The proof, which is omitted from this extended abstract, proceeds by explicitly constructing, for every admissible execution, a legal operation sequence satisfying the necessary conditions. In creating the operation sequence, each operation in the execution is serialized to occur at the time of its response.

The algorithm for slow reads and fast writes is similar to the previous one. Each process keeps a copy of all objects in its local memory. When a Read<sub>p</sub>(X) occurs, p waits d time units, after which it reads the value v of X in its local memory and immediately does a Return<sub>p</sub>(X, v). When a Write<sub>p</sub>(X, v) occurs, p sends "write(X, v)" messages to all other processes (including a dummy message to itself which is delayed d time units) and does an Ack immediately. Whenever a process receives a "write(X, v)" message, it changes the value of X to v in its local memory. Ties are resolved as in the previous algorithm. Clearly the time for every read is d and the time for every write is 0, and |W| + |R| = d.

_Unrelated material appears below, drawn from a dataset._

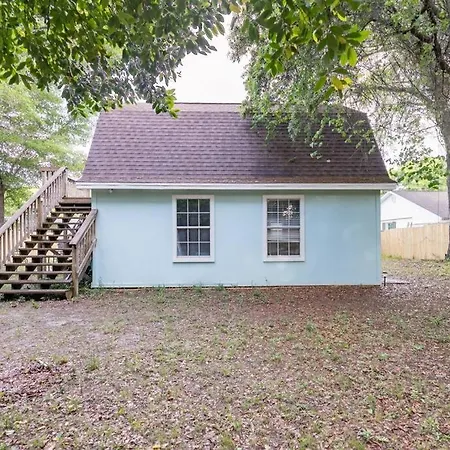 One Bedroom Loft, Very Close To Beach And Downtown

**Theorem 3.3** The algorithm just described implements linearizability.

The proof is the same as the proof of Theorem 3.2 except that each operation is serialized to occur at the time it is called.

### 4 Imperfect Clocks

Obviously, the assumptions of the previous section are unrealistically strong. In this section we relax them, and assume a system in which clocks run at the same rate as real time but are not initially synchronized, and in which message delays are in the range [d - u, d] for some u > 0.

Under these assumptions, the lower bound of Theorem 3.1 still holds, but the algorithms of Theorems 3.2 and 3.3 do not work. We start by showing that for linearizability this is not a coincidence—in any linearizable implementation of a read/write object the worst-case response time of *both* read and write operations must depend on u, the message delay uncertainty. We then show that this is not

the case for sequential consistency by presenting two algorithms, one in which reads are performed instantaneously while the worst-case response time for a write is O(d), and another in which the roles are reversed. These algorithms match (within constant factors) the lower bound of Theorem 3.1.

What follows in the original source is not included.